Pimozide is an atypical antipsychotic drug used to treat serious motor and verbal tics associated with Tourette's syndrome. It is sold under the brand name Orap.

Purpose

Pimozide is classified as an atypical antipsychotic drug. It is structurally similar to another drug, haloperidol , which was the first drug to be used in Tourette's syndrome. Pimozide is most often used to treat symptoms of Tourette's syndrome, although it has also been used for treating schizophrenia mania, and other behavioral disorders.

Description

Excess dopamine activity in the brain is associated with the verbal and physical tics observed in Tourette's syndrome.
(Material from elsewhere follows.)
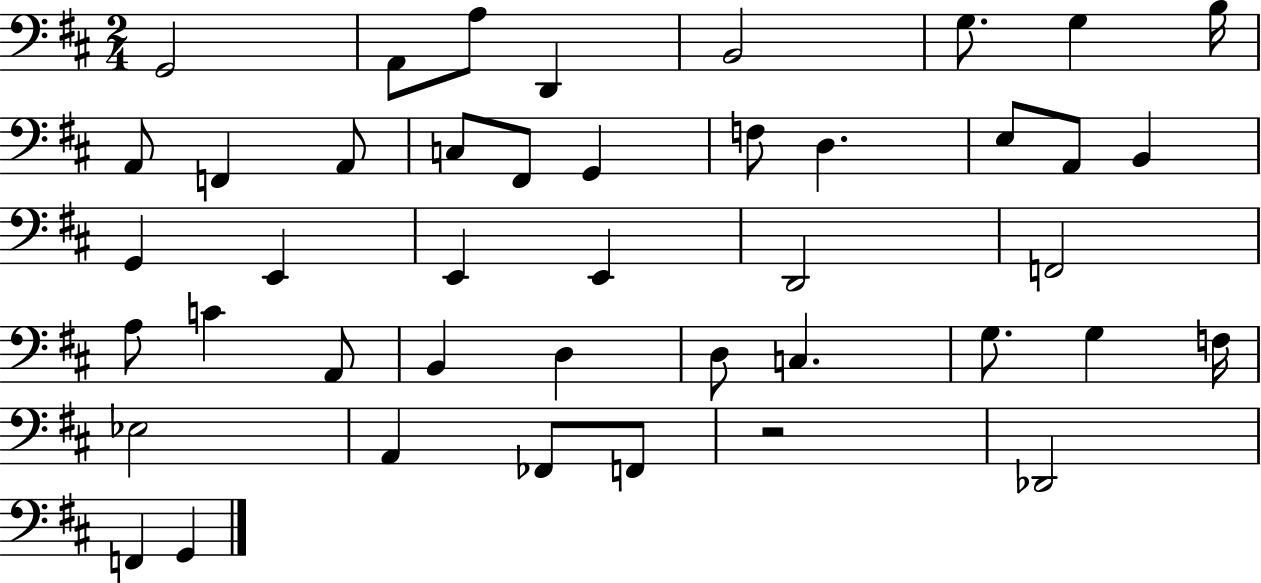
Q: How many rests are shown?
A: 1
Like haloperidol, pimozide is believed to inhibit the actions of the brain chemical, dopamine.

Pimozide is broken down by the liver and eliminated from the body by the kidneys. Because pimozide is associated with health risks, it should not be used for tics that are simply annoying or cosmetic. Pimozide should be used only in patients with severe symptoms after other drug therapy has been tried and failed.

Pimozide is available in 1-mg and 2-mg tablets.

Recommended dosage

The common starting dose of pimozide in adults is 1-2 mg per day. The dose may be increased every other day until 0.2 mg per kg (or 0.9 mg per pound) of body weight per day or 10 mg per day is reached, whichever is less. Doses that exceed 0.2 mg per kg per day or 10 mg daily are not recommended.

In children, the usual initial dose is 0.05 mg per kg daily, and increased every three days to a maximum dose of 0.2 mg per kg (or 10 mg) per day.

Periodically, the dosage of pimozide should be reduced to determine if tics are still present. Patients should be maintained on the lowest dose that is effective in treating their disorder.

Precautions

Pimozide may alter the rhythm of the heart. As a result, it should be used with caution in people with heart disease, and these patients should be observed carefully while receiving the drug.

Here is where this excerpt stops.